Each party warrants that it has no contractual obligation to any third party
that is inconsistent with its obligations under this Agreement or with the
rights and licenses granted by it pursuant to this Agreement.


SECTION X
INDEMNIFICATION

10.1 Each party shall defend against suits, claims, and demands and shall
indemnify and hold harmless the other, its corporate affiliates, and its or
their officers, directors, employees, and agents and its or their successors and
assigns against and from any and all third-party losses, liabilities, damages,
and expenses (including reasonable attorneys' fees) arising out of or in
connection with, but only to the extent that such losses, liabilities, damages
claims, demands, and expenses arise out of or in connection with, (a) personal
injury (including death) or damage to tangible personal property (not including
lost data) arising from the negligent or intentional acts or omissions of the
indemnifying party or its subcontractors, or the officers, directors, employees,
agents, successors, and assigns of any of them, or (b) assertions under worker's
compensation or similar laws made by persons furnished by the indemnifying
party.

10.2 The foregoing indemnification obligations are conditioned upon the
indemnified party promptly notifying the indemnifying party of any written
claim, loss, or demand for which the indemnifying party is responsible under
this Section, cooperating with the indemnifying party as reasonably required,
and granting the indemnifying party the exclusive right to defend or settle the
claim.
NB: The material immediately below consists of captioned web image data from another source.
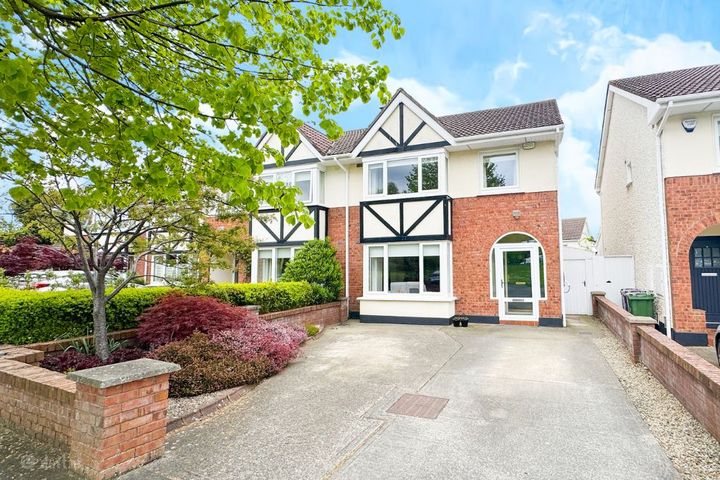 13 Orby Lawn, The Gallops, Leopardstown, Co. Dublin, D18YC82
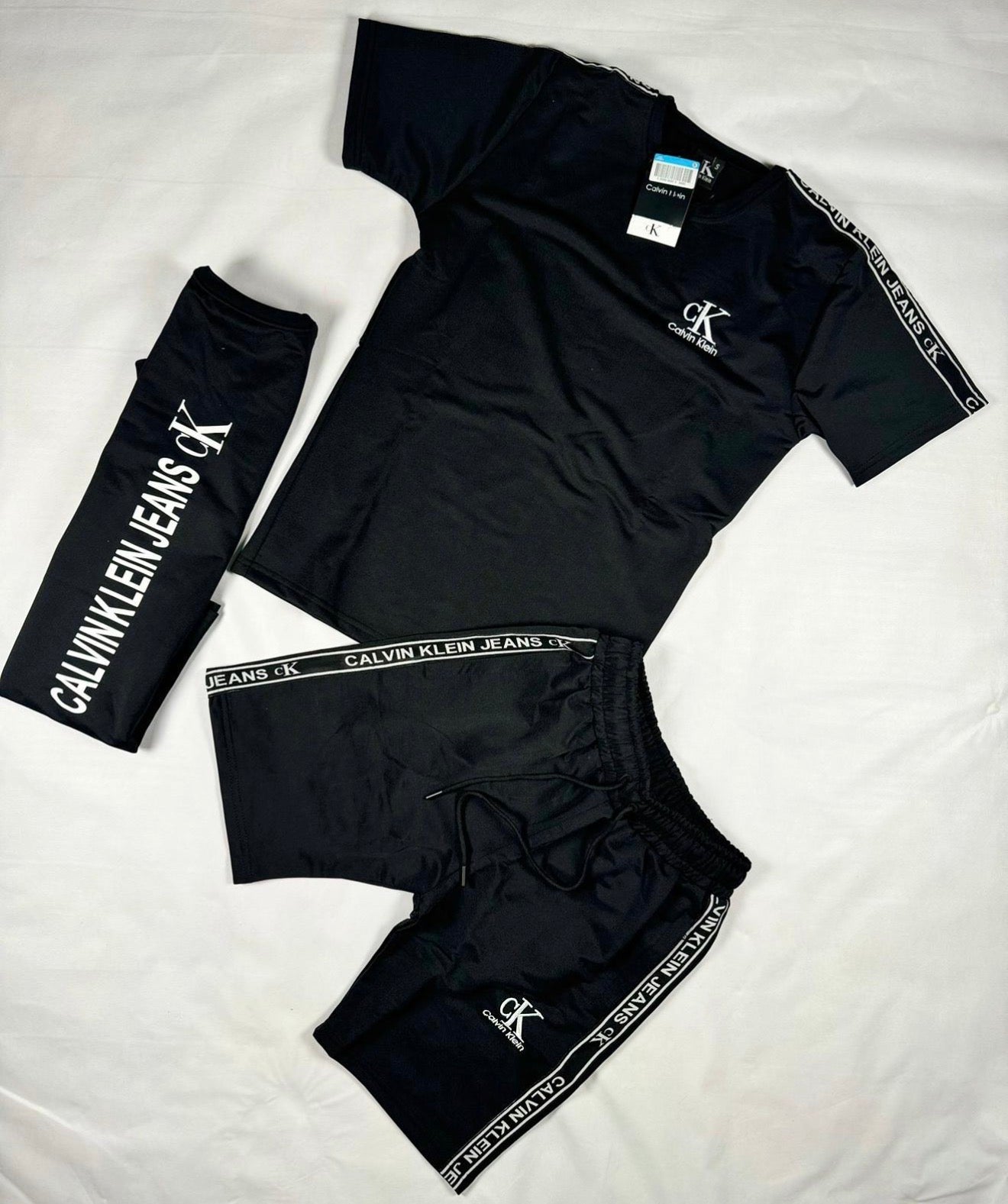 Conjunto de verano Calvin klein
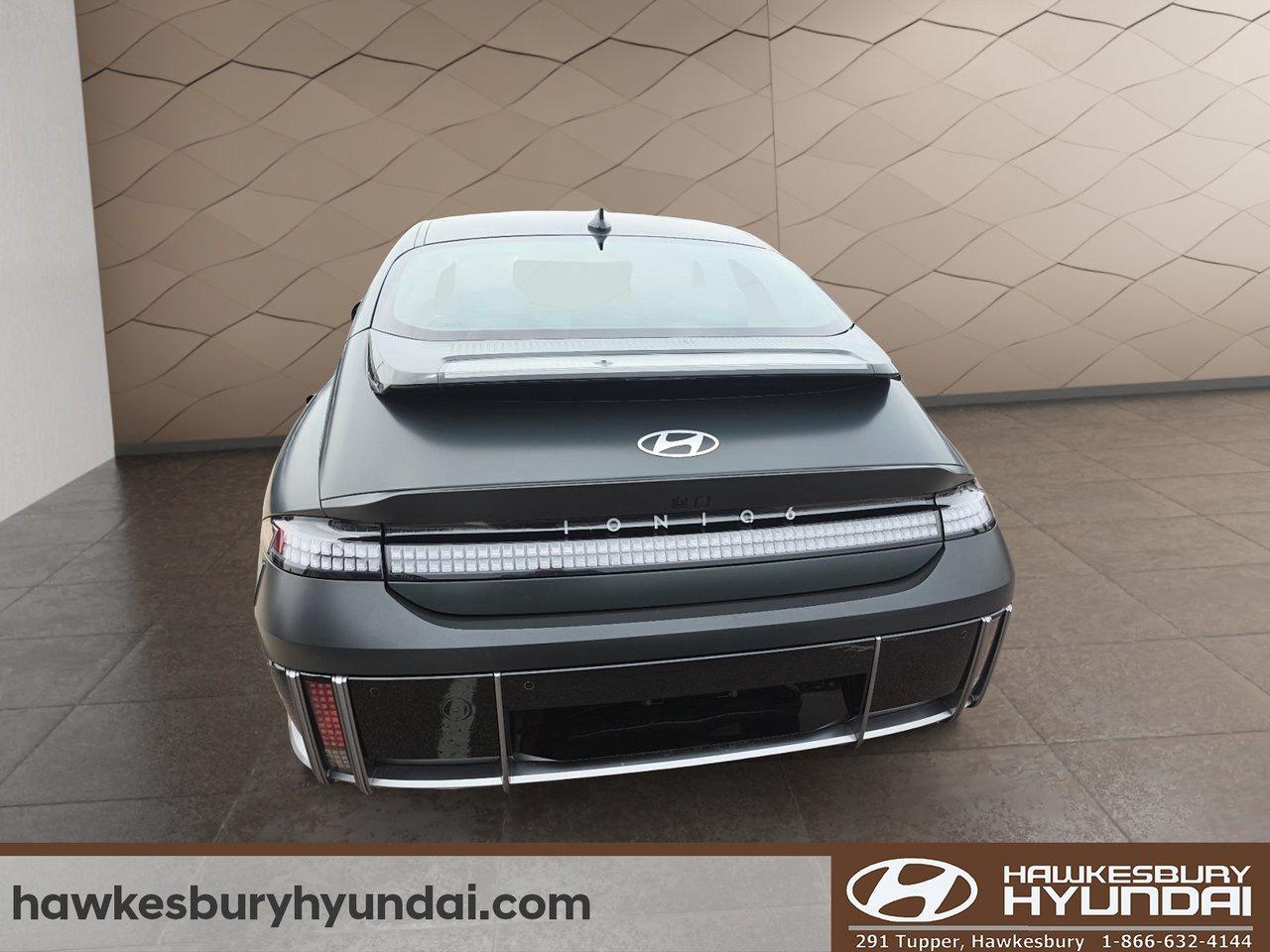 2024 Hyundai IONIQ 6 PREFERRED PACKAGE Photo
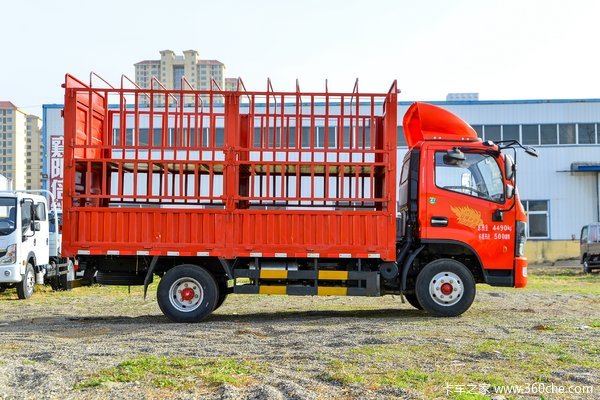 优惠1万 乌鲁木齐市福瑞卡F6载货车系列超值促销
The indemnifying party may not, without the written consent of the
indemnified party, agree to any settlement: (i) that requires the indemnified
party to make any payment that is not indemnified hereunder, (ii) that does not
grant a general release to the indemnified party with respect to the matters
underlying such claim or action, (iii) that involves the sale, forfeiture or
loss of, or the creation of any lien on, any material property of the
indemnified party, or (iv) that would have a material adverse affect any future
liabilities of the indemnified party.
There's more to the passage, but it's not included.